> [Exercise directions]: Copy exactly. Include the line containing "[Infographics] Chính sách", every line after it, and the last line below, but no pictures.

# # # #

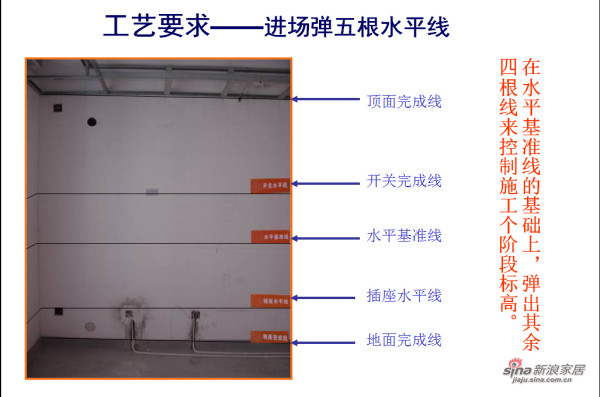 施工工艺篇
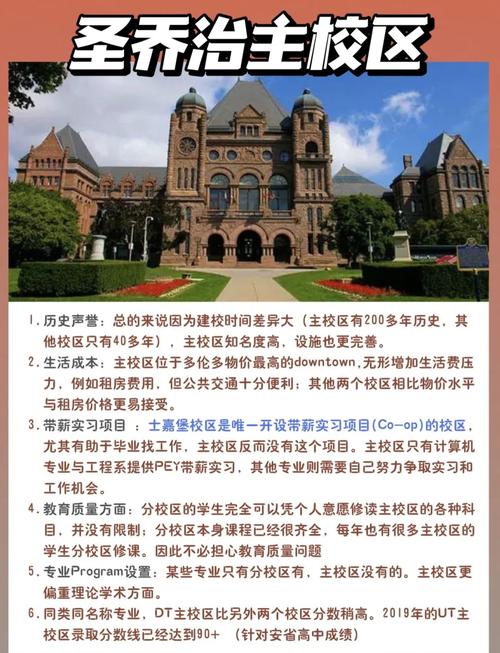 多倫多大學排名_ 多倫多大學 校區介紹 _多倫多大學 著名科研成果 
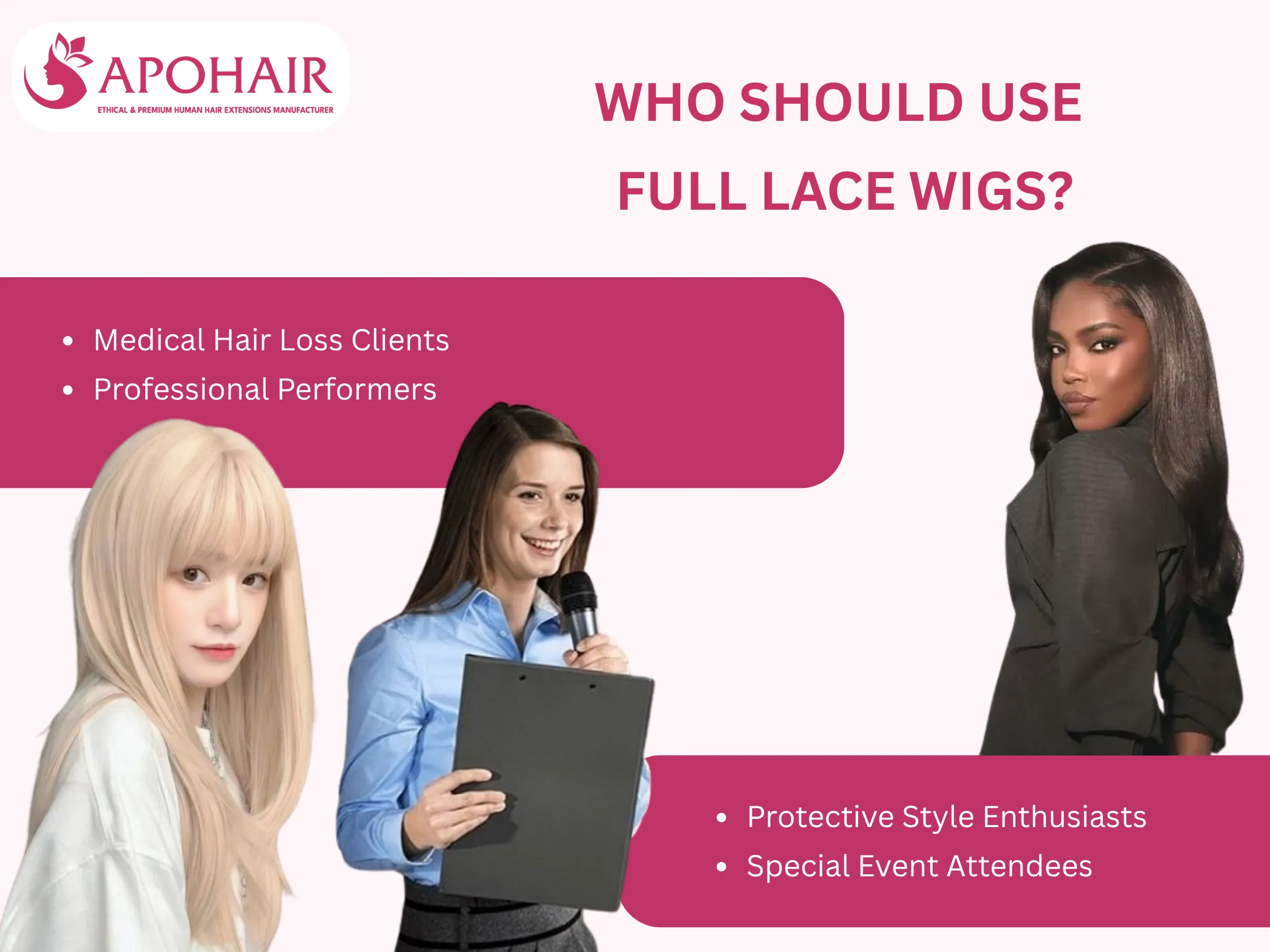 Four distinct customer groups drive the consistent demand for full lace wigs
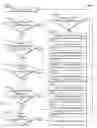 Fig. 35 - Physiological parameter measuring platform device supporting multiple workflows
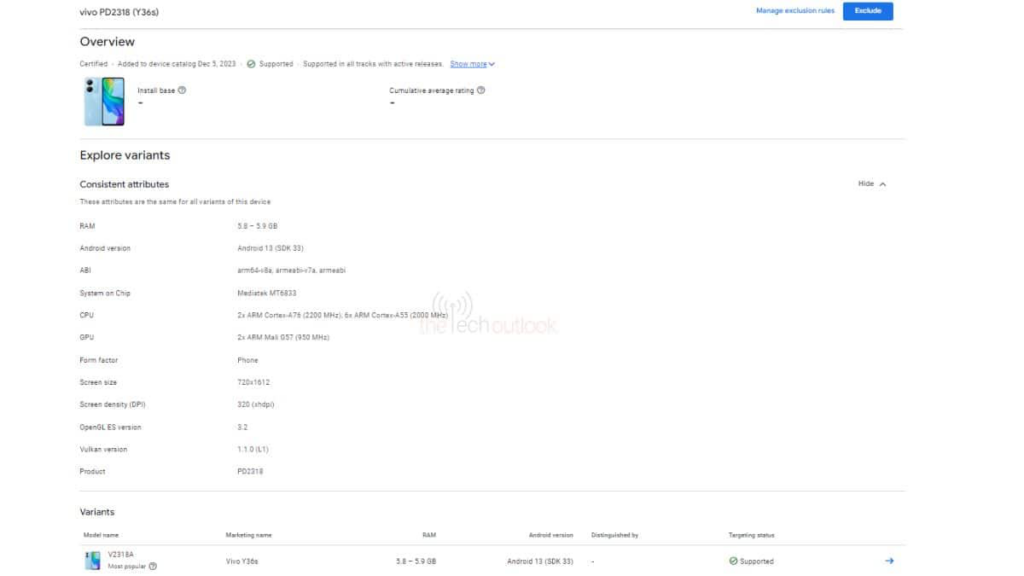vivo Y36s Google Play Listing
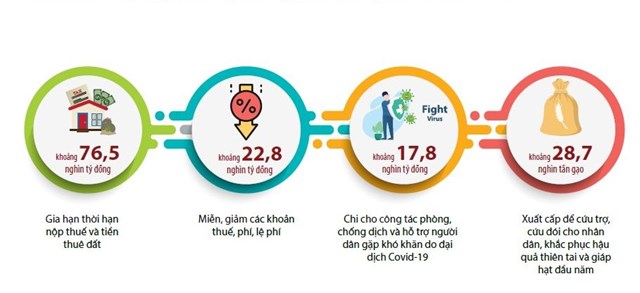 [Infographics] Chính sách hỗ trợ của Bộ Tài chính đối với người dân và doanh nghiệp  - Ảnh 1
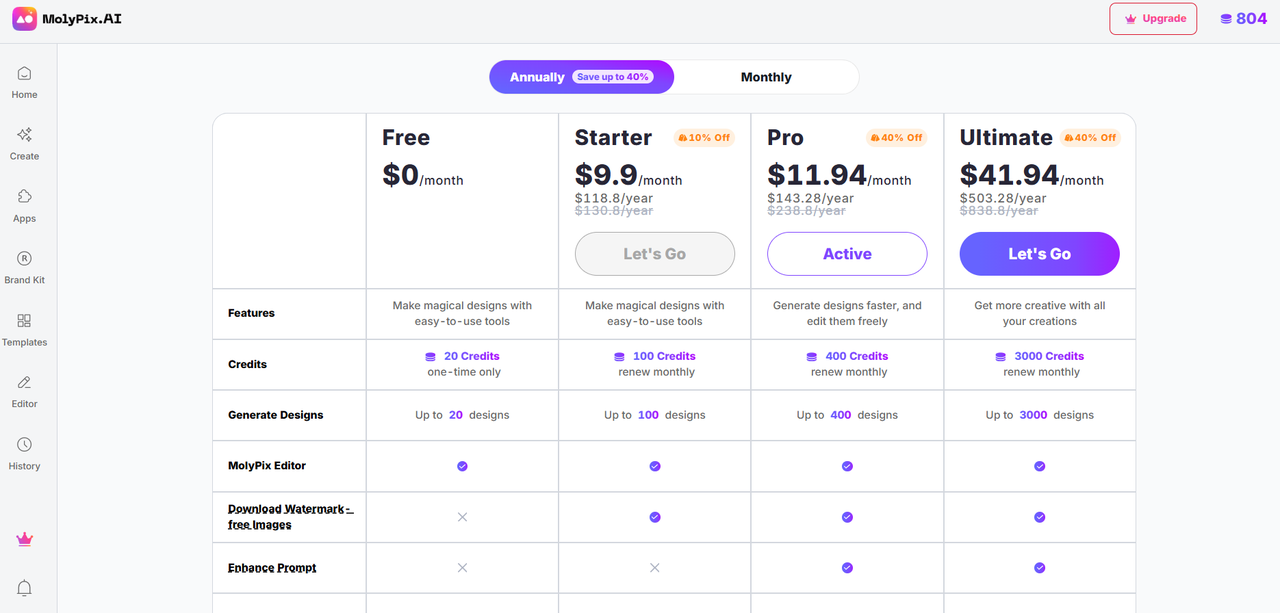 molypix pricing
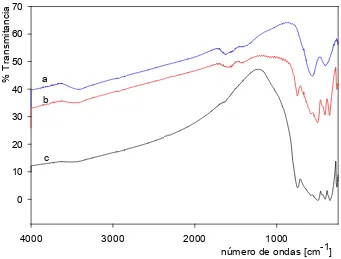 Figura 5.6. Espectros FTIR de los catalizadores a) CIT150 b) CiZr20-150 c) ZrO2. 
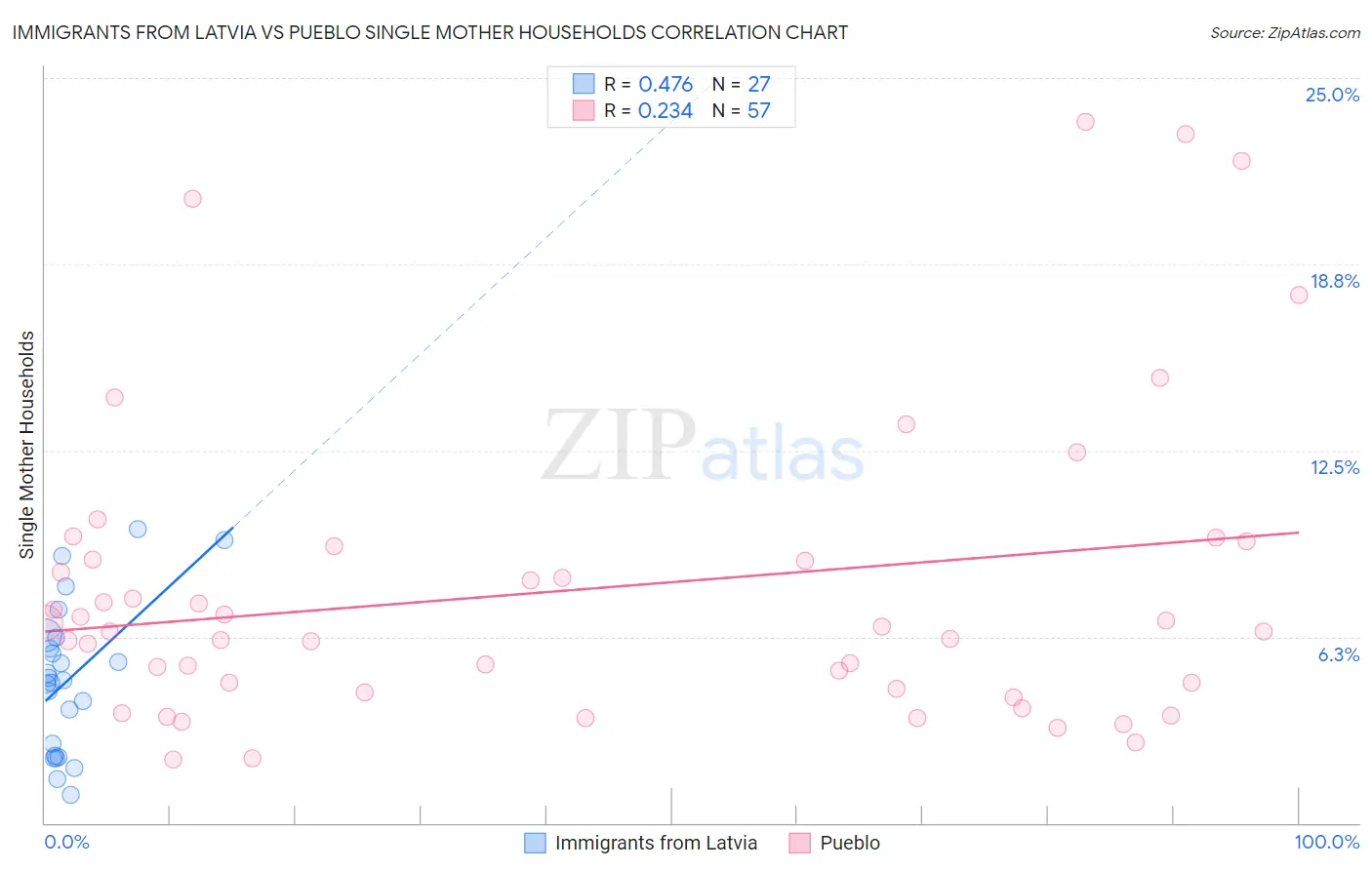 Immigrants from Latvia vs Pueblo Single Mother Households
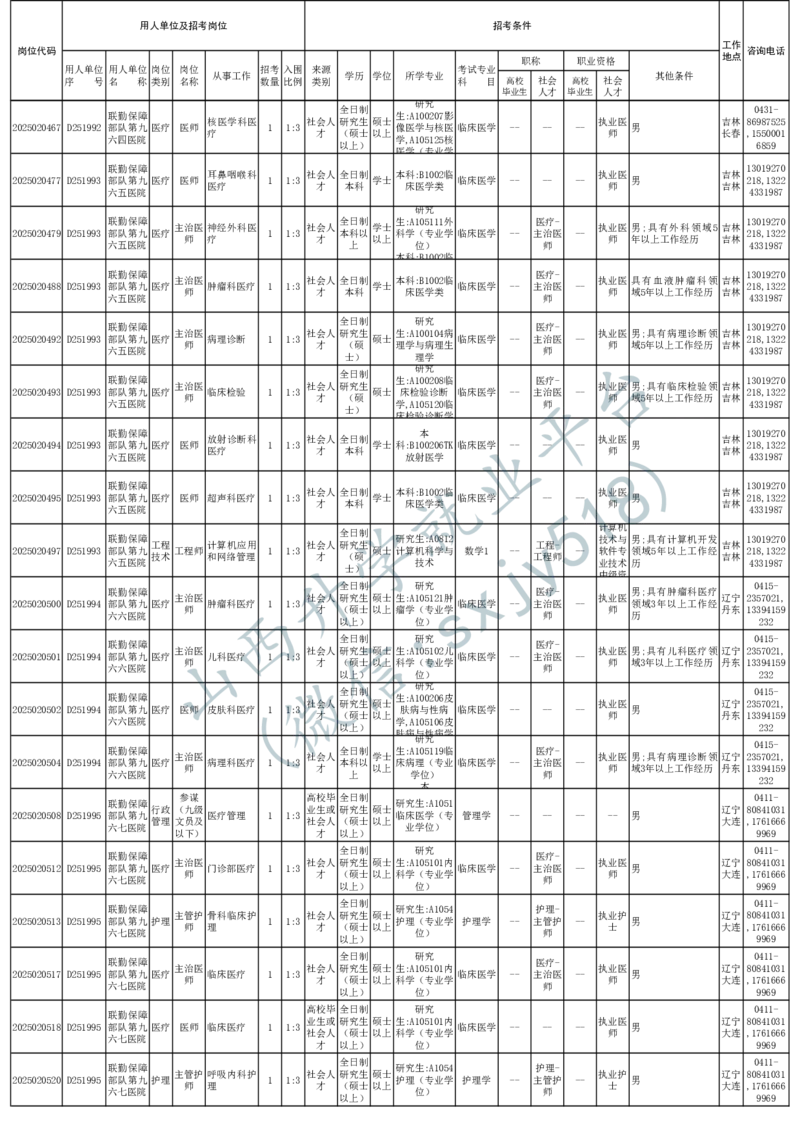 2025年军队文职人员公开招考无人报名的招考岗位计划-1_军队文职(1)_08.备考分数线等信息_2025军队文职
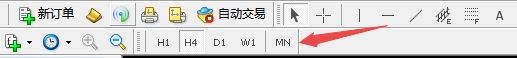 xm外汇的MT4上切换周期走势线的方法有几种?
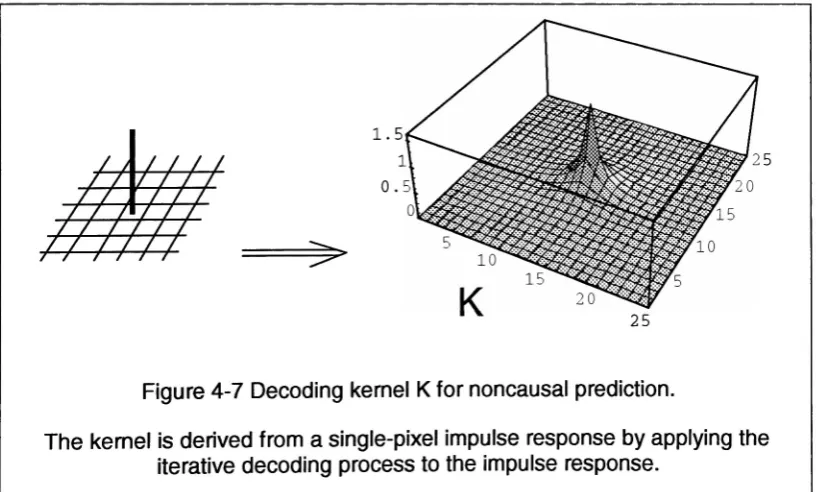 Figure 4-7 Decoding kernel K for noncausal prediction.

# # # #

> [Response]:
 [Infographics] Chính sách hỗ trợ của Bộ Tài chính đối với người dân và doanh nghiệp  - Ảnh 1
 molypix pricing
 Figura 5.6. Espectros FTIR de los catalizadores a) CIT150 b) CiZr20-150 c) ZrO2. 
 Immigrants from Latvia vs Pueblo Single Mother Households
 2025年军队文职人员公开招考无人报名的招考岗位计划-1_军队文职(1)_08.备考分数线等信息_2025军队文职
 xm外汇的MT4上切换周期走势线的方法有几种?
 Figure 4-7 Decoding kernel K for noncausal prediction.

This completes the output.